The exhibition Beauty Through Experiment: The Ceramics of Wedgwood aims to understand these various facets of this exceptional man, by focusing on the bodies he produced, the innovations he used, and the style of decoration he preferred. As many of the objects are from after Josiah’s lifetime, he died in 1795, the exhibition will also examine how many later generations of his family continued to use his example of innovation to keep the business afloat, through both the good and bad periods. Finally, by exploring several thematic installations of the pottery, the exhibition will shed light on different aspects of decoration, style, technology, and business that began with Josiah Wedgwood and continued through the ensuing generations. This exhibition will put on display the understanding that the decorative arts cannot exist without science and how science can create wonderfully beautiful objects to delight all.

It is through the recent generous donation of objects from M. Burton Drexler, along with many objects donated by Ann and Henry Brunnier, which is allowing University Museums to create this ambitious exhibition of Wedgwood objects.

HOT and COOL: Three Generations of Gaffers
The studio art glass movement of the late 20th century stimulated a fresh interpretation of an ancient substance. Fifty years and three generations later, the glass art movement has provided a stunning array of artistic creativity that transcends glass from utilitarian functions and mass production to a medium of expressive fine art.
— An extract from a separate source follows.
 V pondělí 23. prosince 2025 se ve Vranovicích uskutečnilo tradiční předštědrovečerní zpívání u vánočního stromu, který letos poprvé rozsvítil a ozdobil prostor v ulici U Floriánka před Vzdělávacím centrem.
Studio glass sculpture emerged in the early 1960s with the experimentation in hot glass by artistic pioneers Harvey K. Littleton (American, b. 1922) and Dominic Labino (American, 1910-1987). In the 1970s, Dale Chihuly began to popularize the studio glass sculpture movement. After studying at U of W – Madison with Littleton, Chihuly established his own glass program at the Rhode Island School of Design. In 1971, he co-founded the Pilchuck Glass School in the Seattle, WA area. Examples of Chihuly’s early glass sculptures and those of his students, Sonja Blomdahl, Joey Kirkpatrick and Flora Mace, can be seen in the exhibition. Today, the studio glass movement focuses on expanding the potential of the glass medium, creating new techniques and finishes, and experimenting with shape and texture. As the next generation of studio art glass sculptors position themselves in history, it is important to reflect on their predecessors who ultimately laid the groundwork for artistic experimentation in glass form and technique.

This exhibition, located in the entry window of the Brunnier Art Museum, is curated from the permanent glass collection and features 12 works of contemporary studio glass.

Sophisticated Simplicity of the Victorian Era: Selections from the Iowa Quester Glass Collection
August 26, 2014 –July 31, 2015

This exhibition explores the Victorian Era pressed glass pattern Pleat and Panel. “Pleat and Panel is an attractive pattern reminiscent of older stippled designs. This pattern (originally known as Derby) was introduced about 1882 by Bryce Brothers of Pittsburgh, Penn. When Bryce joined the U.S. Glass Company in 1891, it continued making the pattern.”

“This pattern was originally produced in an extended table service from a good-quality clear non-flint glass. Although you may find odd pieces in amethyst, amber, blue, green, milk white, and vaseline, any color is rare. The design consists of heavily stippled panels separated by clear fluted bars. Forms are square and handles are pressed.” --Source: Jenks, Bill; Jerry Luna and Darryl Reilly. Identifying Pattern Glass Reproductions. Radnor, PA: Wallace-Homestead Book Co., 1993.